Your instructions = Output the listing below exactly, minus its images.

Data supplied =
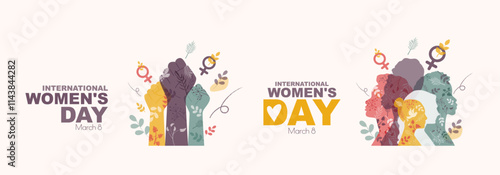 International Women's Day set.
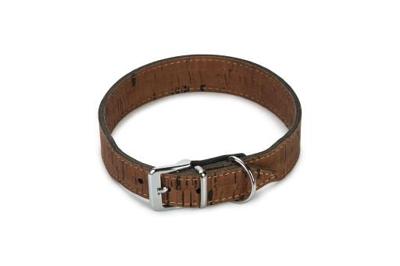 Beeztees Cork - Halsband Hond - Leer - Bruin - 50 Cm X 30 Mm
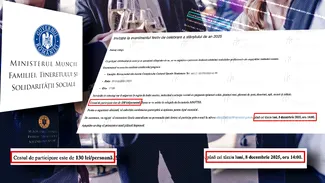Petrecere de final de an la Ministerul Muncii cu taxă de participare. Angajații au fost anunțați că vor fi sărbătoriți, dar pe banii lor. Gândul dezvăluie cât trebuie să plătească fiecare bugetar: “suma se achită la casierie”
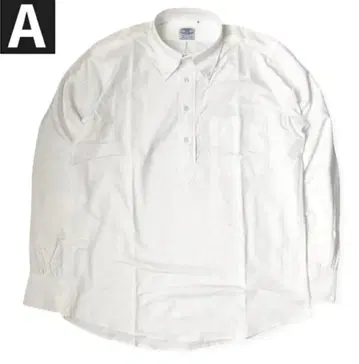 옥스퍼드 셔츠 배기 풀오버 사이즈 M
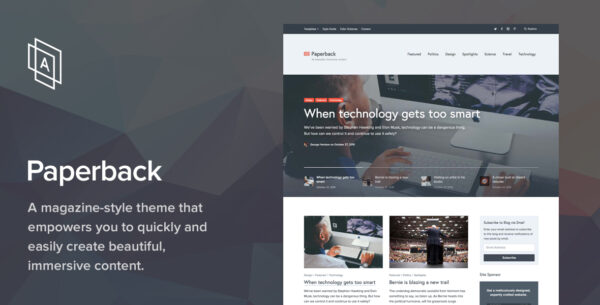 Array v1.8.1 Themes Paperback WordPress Theme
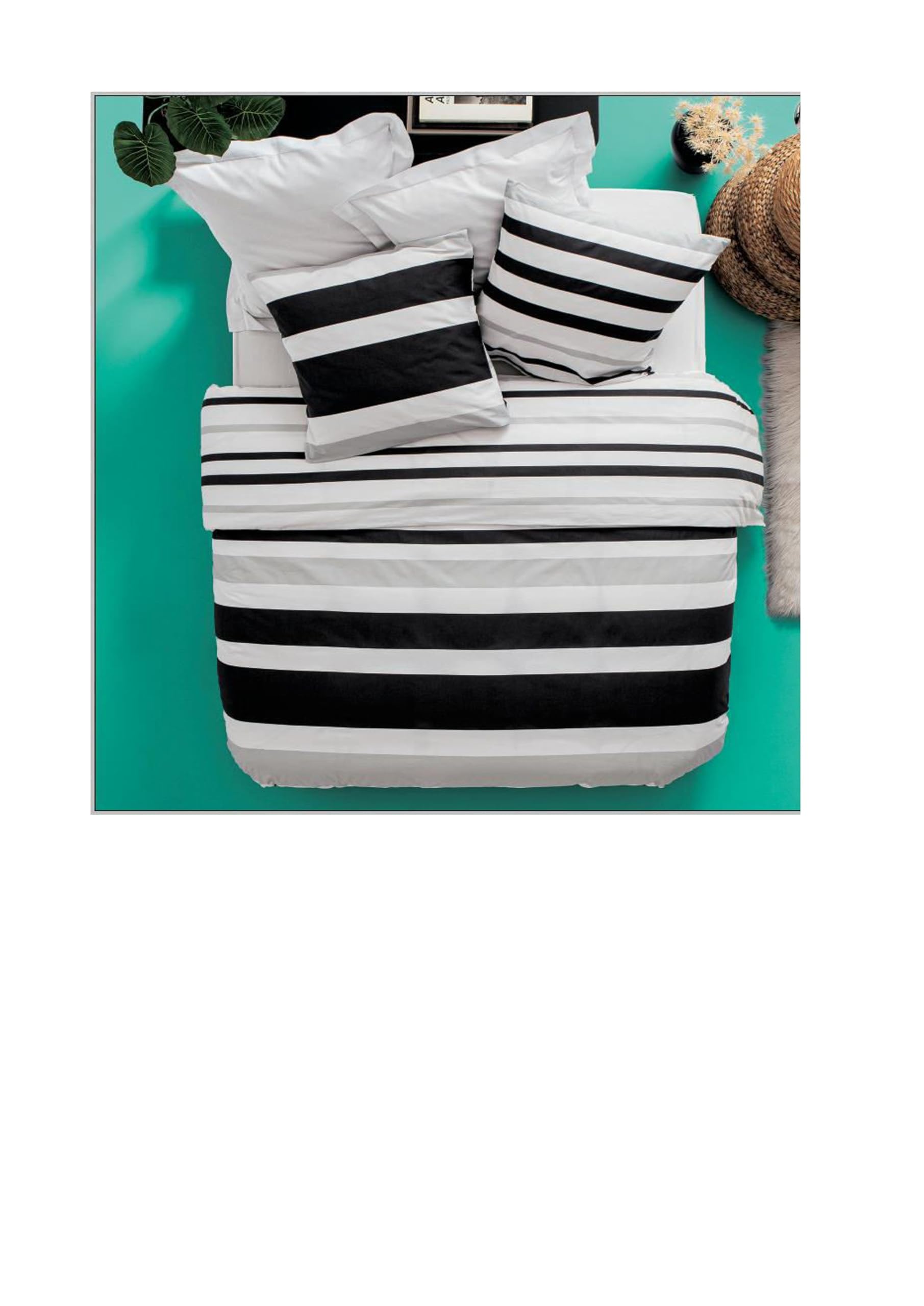 Home-Tex Design100% Cotton Printed Double Size Duvet Cover Set Fermanville 1 Duvet Cover 240x200 cm + 2 Pillow Covers 50x80 cm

Exercise answer =
 International Women's Day set.
 Beeztees Cork - Halsband Hond - Leer - Bruin - 50 Cm X 30 Mm
Petrecere de final de an la Ministerul Muncii cu taxă de participare. Angajații au fost anunțați că vor fi sărbătoriți, dar pe banii lor. Gândul dezvăluie cât trebuie să plătească fiecare bugetar: “suma se achită la casierie”
 옥스퍼드 셔츠 배기 풀오버 사이즈 M
 Array v1.8.1 Themes Paperback WordPress Theme
 Home-Tex Design100% Cotton Printed Double Size Duvet Cover Set Fermanville 1 Duvet Cover 240x200 cm + 2 Pillow Covers 50x80 cm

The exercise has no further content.